The focus today is on what we shall call business unusual. Like will always attract like, and a seed will always produce fruit after its kind. An orange seed will always yield oranges. In the same manner a superlative approach will yield super results, but shoddiness and carelessness give birth to poor quality. It matters what you bring into 2007 and into the arena of life. You have probably set goals and made resolutions already, but what mentality did you bring to bear on the process? A winning mentality will produce victory but an underdog mentality will surely produce failure and defeat. Likewise a handicap mentality will whisper to you that you are a dwarf, only a small rural priest in the game of cardinals and popes therefore undeserving of the cream of life. The size of a person's resolutions and goals for 2007 is not a reflection or measure of that person's ability or potential but an indication of who he thinks he is not. If you think you are not a champion you will not set goals like a champion and you will not act like a champion. Instead by your thoughts and actions, you will confine and relegate yourself to smallness.

Winners think and act like champions and losers think and act like losers, and this begins at the stage of resolutions and ambitions. There is a rowdy dwarf and a gentle giant inside each one of us. The impudent midget always shouts at us and declares, "This far shall you go in life and no farther. There is a river that cannot be bridged in front and for that matter there is also a scary lion in the path ahead." The gentle giant prods us gently and encourages us saying, "There is much more to achieve why are you settling for little? Why are you too willing to die before you are fully born? What does it benefit the world for one more tulip to whither before it blooms?" The truth is that for every tulip, and for everyone there comes that day when the risk to remain shut up in the bud becomes greater than the risk to bloom. I believe 2007 is that year. The voice that each of us listens to, encourages and promotes especially at the moment that we set our agendas is what will determine what the future will be. Winners wrestle the small dwarf to the ground and take the counsel of the gentle giant. They defy, like Erik, their handicaps.

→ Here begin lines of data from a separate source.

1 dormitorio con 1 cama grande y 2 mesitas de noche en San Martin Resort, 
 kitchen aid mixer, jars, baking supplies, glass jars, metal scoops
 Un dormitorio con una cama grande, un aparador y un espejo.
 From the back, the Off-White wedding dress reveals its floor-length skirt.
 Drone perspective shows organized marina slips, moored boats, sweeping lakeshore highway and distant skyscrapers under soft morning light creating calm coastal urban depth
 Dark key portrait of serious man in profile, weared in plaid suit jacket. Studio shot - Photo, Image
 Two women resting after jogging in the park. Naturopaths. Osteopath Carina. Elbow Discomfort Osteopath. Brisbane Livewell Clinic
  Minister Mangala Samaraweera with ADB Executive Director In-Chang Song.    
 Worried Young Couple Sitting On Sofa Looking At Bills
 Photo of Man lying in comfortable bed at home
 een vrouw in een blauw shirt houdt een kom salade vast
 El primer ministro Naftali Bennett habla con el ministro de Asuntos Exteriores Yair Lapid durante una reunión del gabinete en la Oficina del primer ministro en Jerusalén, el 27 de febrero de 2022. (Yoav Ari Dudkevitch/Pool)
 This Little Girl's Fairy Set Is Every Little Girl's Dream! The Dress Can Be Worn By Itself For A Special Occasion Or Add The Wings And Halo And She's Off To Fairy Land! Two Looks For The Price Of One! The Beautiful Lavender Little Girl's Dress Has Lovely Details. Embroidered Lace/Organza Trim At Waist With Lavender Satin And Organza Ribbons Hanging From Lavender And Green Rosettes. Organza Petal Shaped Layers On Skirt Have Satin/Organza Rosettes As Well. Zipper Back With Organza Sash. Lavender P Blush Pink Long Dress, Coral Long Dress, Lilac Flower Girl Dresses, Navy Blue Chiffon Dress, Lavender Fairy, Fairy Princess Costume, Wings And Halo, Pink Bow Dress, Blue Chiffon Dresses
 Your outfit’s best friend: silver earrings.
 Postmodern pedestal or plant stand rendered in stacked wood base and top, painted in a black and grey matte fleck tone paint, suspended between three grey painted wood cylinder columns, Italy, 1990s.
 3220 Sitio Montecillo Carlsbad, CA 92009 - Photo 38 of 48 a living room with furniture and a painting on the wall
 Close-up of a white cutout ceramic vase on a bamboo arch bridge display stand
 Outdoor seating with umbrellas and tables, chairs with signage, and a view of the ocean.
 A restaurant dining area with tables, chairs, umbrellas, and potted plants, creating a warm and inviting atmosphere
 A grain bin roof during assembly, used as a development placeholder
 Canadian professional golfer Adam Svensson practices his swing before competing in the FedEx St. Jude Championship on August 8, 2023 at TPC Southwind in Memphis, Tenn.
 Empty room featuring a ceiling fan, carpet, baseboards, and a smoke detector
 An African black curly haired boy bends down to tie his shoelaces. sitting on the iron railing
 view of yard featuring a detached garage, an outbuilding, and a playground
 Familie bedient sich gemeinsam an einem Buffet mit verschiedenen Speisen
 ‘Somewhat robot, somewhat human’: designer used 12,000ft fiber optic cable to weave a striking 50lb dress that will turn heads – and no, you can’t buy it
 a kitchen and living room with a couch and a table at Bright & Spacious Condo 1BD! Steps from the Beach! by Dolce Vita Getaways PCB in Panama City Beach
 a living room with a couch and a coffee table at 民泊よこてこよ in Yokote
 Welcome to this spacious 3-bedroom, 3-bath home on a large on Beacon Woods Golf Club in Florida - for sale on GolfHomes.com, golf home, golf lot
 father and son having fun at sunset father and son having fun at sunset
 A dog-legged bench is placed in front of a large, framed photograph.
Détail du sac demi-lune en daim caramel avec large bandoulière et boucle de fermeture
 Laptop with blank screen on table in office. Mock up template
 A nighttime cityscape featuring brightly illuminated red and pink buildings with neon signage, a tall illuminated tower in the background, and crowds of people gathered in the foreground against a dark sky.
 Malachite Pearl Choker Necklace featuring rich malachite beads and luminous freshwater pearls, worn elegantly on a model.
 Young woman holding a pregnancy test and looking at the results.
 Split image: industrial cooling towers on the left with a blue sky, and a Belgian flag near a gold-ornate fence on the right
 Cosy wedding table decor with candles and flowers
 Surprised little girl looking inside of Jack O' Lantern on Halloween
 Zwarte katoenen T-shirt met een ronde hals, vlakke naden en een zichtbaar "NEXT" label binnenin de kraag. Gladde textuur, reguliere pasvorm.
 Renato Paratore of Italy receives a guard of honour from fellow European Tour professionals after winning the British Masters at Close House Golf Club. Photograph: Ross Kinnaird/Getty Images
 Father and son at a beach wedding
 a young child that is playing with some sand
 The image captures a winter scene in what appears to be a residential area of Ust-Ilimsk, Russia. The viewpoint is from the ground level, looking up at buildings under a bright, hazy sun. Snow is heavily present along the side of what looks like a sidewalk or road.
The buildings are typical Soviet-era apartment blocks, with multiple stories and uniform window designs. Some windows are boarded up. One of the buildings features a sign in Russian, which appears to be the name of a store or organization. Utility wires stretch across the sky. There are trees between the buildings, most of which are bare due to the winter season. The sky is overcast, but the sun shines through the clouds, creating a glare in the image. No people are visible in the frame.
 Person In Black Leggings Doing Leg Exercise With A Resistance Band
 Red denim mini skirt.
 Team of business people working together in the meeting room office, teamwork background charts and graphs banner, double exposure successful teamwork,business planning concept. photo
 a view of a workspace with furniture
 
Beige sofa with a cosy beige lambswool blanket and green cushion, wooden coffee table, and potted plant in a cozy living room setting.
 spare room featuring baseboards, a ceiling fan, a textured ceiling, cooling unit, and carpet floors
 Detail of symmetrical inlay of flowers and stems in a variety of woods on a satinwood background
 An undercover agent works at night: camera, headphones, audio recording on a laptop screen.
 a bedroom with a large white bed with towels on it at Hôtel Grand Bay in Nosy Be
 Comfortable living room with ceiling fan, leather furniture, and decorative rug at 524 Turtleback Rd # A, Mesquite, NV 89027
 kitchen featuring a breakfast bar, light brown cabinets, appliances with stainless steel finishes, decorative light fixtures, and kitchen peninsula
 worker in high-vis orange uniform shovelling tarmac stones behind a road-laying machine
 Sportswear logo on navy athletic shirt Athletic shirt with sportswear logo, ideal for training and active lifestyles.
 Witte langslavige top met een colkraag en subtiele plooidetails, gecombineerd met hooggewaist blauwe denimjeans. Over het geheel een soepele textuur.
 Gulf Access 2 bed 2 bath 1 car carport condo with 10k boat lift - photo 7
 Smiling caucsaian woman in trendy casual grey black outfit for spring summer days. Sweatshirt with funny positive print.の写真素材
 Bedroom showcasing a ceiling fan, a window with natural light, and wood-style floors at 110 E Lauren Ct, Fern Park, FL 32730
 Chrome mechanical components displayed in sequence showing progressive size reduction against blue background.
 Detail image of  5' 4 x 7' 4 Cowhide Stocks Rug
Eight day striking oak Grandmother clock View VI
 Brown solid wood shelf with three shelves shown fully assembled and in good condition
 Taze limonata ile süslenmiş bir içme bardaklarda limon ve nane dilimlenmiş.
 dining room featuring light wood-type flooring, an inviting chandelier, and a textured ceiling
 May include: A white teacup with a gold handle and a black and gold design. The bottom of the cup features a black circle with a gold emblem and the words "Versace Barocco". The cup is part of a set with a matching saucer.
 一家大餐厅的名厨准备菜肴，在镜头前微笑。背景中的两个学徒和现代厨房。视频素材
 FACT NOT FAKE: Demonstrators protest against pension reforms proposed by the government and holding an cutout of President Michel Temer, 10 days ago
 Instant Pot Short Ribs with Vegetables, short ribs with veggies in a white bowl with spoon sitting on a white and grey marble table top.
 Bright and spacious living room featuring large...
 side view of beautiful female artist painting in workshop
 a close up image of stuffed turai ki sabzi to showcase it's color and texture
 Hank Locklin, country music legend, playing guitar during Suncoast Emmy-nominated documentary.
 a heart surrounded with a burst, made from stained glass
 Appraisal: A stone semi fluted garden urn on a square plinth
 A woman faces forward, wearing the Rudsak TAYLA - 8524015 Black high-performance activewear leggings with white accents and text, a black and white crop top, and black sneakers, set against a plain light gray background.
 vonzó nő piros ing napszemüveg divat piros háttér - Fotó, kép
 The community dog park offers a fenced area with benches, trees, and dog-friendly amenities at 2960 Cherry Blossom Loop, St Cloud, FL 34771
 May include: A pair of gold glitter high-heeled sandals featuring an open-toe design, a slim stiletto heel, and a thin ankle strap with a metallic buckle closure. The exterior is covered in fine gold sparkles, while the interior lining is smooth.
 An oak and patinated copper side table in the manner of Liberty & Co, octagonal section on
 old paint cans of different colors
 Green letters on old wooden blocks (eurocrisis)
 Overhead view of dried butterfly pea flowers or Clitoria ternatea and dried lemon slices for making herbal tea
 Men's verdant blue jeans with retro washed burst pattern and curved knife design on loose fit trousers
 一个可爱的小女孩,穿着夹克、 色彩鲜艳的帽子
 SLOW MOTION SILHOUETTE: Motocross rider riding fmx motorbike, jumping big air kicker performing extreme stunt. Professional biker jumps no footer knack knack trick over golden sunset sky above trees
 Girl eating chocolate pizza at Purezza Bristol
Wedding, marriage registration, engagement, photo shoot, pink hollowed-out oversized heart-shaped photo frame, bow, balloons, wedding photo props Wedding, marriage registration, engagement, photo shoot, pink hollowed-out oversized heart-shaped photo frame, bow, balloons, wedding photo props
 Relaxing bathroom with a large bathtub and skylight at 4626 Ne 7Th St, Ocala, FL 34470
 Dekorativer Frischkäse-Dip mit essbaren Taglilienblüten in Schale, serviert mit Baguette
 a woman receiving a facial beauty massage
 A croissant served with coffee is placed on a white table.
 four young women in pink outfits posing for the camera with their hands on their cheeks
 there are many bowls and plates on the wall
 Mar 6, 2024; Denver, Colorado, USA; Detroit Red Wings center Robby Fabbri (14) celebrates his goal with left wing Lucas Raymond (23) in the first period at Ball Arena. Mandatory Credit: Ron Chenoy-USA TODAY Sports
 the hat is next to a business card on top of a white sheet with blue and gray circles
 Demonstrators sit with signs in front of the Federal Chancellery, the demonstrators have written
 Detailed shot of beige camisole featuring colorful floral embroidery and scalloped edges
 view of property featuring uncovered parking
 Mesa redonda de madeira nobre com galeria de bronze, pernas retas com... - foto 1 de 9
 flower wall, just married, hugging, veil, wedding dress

Each one of us has handicaps. Erik's is blindness. For others it is physical disability but for some it is an inferiority complex or poor self esteem. To some it is poverty and lack of capital or formal education or a seemingly lowly and unrewarding career. What is important is not the label given to your handicap but how you respond to it. And respond you must.

If your complaint is that your career is too lowly, I put it to you that Erik did not achieve fame by excelling at rocket science but at a lowly thing such as walking up the mountains. Ronaldino did not become a millionaire by discovering the secrets of atomic physics, but by perfecting the art of kicking that inflated animal skin that they call a football. Winners are ordinary people who do common things in an uncommon way. They are common people who learn to do common things so extraordinarily well that none can improve on them, and by so doing they make their services indispensable. They go beyond the ordinary. They understand that thoroughness and exactitude in little matters is the very soul and heart of excellence. They understand that merit, no matter under what skin color or gender or nationality found, will in the long run attract recognition and reward.

Mantra of the week:
Winners are ordinary people who dare to do extraordinary feats, and common people who do common assignments in an uncommon manner.

Tip of the Week:
Do your work so well that the heavens will say this is tr4ully the work of a great master. Go beyond the ordinary.